Der achtgliedrige Pfad nach Patanjali - Die Yamas

In einem der wichtigsten Lehrtexte des Yoga, dem Yogasutra, dokumentierte der alte Yogi Patanajali seiner Zeit den achtgliedrigen Pfad des Yoga. Dieser dient als eine Art Leitlinie zu einem erfüllten und bewussten Leben. In insgesamt 196 Sutren bzw. Versen wurden die „Richtlinien“ niedergeschrieben, die letztendlich zur Erfüllung führen sollen. Sie beginnen mit den Yamas.

  1. Yamas – der Umgang mit der Umwelt und Mitmenschen
  2. Niyamas – der Umgang mit uns selbst
  3. Asanas – der Umgang mit dem Körper
  4. Pranayama – der Umgang mit dem Atem
  5. Pratyahara – der Umgang mit den Sinnen
  6. Dharana – der Umgang mit dem Geist/Konzentration
  7. Dhyana – Meditation
  8. Samadhi – innere Freiheit

Wenn du mehr über den achtgliedrigen Pfad nach Patanjali erfahren möchtest, dann schau unbedingt bei unserem separaten Blogartikel zu diesem Thema vorbei!

Was sind die 5 Yamas?

Das Wort Yama stammt aus dem Sanskrit und bedeutet so viel wie Lenkung oder Kontrolle. In den Yamas werden fünf Verhaltensgebote für den Umgang eines Individuums mit seinem äußeren Umfeld benannt. Gemeinsam mit den Niyamas bilden diese die Grundlage des achtgliedrigen Pfades nach Patanjali.

Die Yamas betonen das aktive Handeln und fungieren als Leitfaden für einen bewussten Umgang mit dem äußeren Umfeld. Es geht vor allem darum, den guten Absichten auch konkrete Handlungen folgen zu lassen. Die 5 Yamas stehen genau wie die 5 Niymas in enger Verbindung, sie ergänzen sich und bauen ohne Rangordnung aufeinander auf.

„Gewaltlosigkeit, Wahrhaftigkeit, Nicht-Stehlen, Maßhalten und Nich-Horten sind die äußere Disziplin.“ (Patanjali Yogasutra 2.30)

Die 5 Yamas

1. Ahimsa (Gewaltlosigkeit)

Ahimsa beschreibt die Gewaltlosigkeit, das Nicht-Verletzen und das nicht Nicht-Schädigen, sowohl auf körperlicher Ebene als auch im Bereich des Sprechens und Denkens.

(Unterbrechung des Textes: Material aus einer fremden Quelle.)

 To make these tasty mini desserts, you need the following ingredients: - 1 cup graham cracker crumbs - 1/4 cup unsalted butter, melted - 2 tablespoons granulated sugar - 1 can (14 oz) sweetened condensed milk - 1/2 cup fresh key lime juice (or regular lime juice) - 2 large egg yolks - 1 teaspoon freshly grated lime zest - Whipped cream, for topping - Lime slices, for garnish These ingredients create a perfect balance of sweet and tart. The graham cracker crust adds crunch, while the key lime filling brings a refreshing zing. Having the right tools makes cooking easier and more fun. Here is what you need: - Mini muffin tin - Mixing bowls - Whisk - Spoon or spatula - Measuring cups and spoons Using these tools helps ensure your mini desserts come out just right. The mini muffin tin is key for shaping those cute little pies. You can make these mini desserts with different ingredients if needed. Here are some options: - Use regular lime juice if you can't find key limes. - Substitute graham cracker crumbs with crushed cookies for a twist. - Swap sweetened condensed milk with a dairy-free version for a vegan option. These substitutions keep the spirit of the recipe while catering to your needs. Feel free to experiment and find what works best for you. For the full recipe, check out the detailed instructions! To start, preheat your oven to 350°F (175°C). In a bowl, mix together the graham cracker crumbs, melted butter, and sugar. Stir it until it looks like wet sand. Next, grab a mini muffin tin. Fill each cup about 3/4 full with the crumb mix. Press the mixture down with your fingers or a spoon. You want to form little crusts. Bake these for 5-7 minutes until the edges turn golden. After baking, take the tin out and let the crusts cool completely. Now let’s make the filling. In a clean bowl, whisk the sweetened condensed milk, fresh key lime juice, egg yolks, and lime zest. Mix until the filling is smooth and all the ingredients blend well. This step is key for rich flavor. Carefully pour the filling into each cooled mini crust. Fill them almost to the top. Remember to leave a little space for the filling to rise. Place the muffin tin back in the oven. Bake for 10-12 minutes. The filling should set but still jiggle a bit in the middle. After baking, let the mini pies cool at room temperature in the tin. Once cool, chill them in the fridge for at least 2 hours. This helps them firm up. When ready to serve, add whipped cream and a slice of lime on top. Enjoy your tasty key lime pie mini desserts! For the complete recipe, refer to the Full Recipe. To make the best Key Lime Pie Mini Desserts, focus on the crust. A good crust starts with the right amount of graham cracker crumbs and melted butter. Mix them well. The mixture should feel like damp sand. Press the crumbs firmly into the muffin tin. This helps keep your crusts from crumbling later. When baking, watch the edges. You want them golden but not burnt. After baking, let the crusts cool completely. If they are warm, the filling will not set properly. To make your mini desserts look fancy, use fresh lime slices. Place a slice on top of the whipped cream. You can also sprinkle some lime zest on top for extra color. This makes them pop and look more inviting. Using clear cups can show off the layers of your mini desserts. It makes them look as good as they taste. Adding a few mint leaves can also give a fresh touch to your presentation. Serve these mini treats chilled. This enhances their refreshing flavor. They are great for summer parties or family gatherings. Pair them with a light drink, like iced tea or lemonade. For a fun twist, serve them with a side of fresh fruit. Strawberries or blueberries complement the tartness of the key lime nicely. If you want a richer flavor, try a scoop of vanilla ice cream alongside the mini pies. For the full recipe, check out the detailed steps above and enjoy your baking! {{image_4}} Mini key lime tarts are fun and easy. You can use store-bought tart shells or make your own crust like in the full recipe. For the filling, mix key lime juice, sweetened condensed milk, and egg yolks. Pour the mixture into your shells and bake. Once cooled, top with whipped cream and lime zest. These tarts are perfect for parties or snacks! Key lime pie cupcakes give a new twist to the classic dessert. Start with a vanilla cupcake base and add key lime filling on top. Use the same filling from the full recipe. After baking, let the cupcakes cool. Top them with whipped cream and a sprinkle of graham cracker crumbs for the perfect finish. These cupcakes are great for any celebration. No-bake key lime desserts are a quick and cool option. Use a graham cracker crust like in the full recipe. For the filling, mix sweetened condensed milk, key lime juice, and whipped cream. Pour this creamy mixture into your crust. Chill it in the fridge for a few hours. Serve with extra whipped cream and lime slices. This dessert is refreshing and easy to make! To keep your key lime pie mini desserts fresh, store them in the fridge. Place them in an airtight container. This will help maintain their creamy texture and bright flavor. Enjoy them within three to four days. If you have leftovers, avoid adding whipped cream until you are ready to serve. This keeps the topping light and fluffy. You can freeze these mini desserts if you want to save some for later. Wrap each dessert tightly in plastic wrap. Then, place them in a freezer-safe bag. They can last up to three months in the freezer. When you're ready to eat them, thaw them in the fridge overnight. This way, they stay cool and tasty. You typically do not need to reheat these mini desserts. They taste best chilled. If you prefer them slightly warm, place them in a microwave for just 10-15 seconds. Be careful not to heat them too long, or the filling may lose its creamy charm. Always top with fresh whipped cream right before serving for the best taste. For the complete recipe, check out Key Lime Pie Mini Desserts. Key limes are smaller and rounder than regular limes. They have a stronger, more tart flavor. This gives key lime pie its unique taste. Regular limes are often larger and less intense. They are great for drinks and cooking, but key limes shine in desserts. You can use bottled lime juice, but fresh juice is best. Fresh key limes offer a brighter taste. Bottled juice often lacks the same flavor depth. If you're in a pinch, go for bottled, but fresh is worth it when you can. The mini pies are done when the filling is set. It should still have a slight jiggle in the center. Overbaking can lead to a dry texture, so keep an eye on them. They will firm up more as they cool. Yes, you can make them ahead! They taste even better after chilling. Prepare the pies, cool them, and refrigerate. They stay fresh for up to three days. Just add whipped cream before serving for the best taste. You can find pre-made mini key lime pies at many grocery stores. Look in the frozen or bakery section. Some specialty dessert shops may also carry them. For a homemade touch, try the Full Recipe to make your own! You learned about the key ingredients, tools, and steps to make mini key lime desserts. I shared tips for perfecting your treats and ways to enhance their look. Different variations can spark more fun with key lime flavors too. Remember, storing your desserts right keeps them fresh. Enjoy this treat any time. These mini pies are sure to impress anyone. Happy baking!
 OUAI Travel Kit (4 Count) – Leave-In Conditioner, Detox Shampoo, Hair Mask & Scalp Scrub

Das erste Yama lehrt uns, bewusst darauf zu achten, keinen Schaden zuzufügen, sei es durch unsere Handlungen, Worte oder Gedanken. Es ermutigt uns, Mitgefühl zu kultivieren und eine Atmosphäre des Respekts zu schaffen – nicht nur für andere, sondern auch für uns selbst.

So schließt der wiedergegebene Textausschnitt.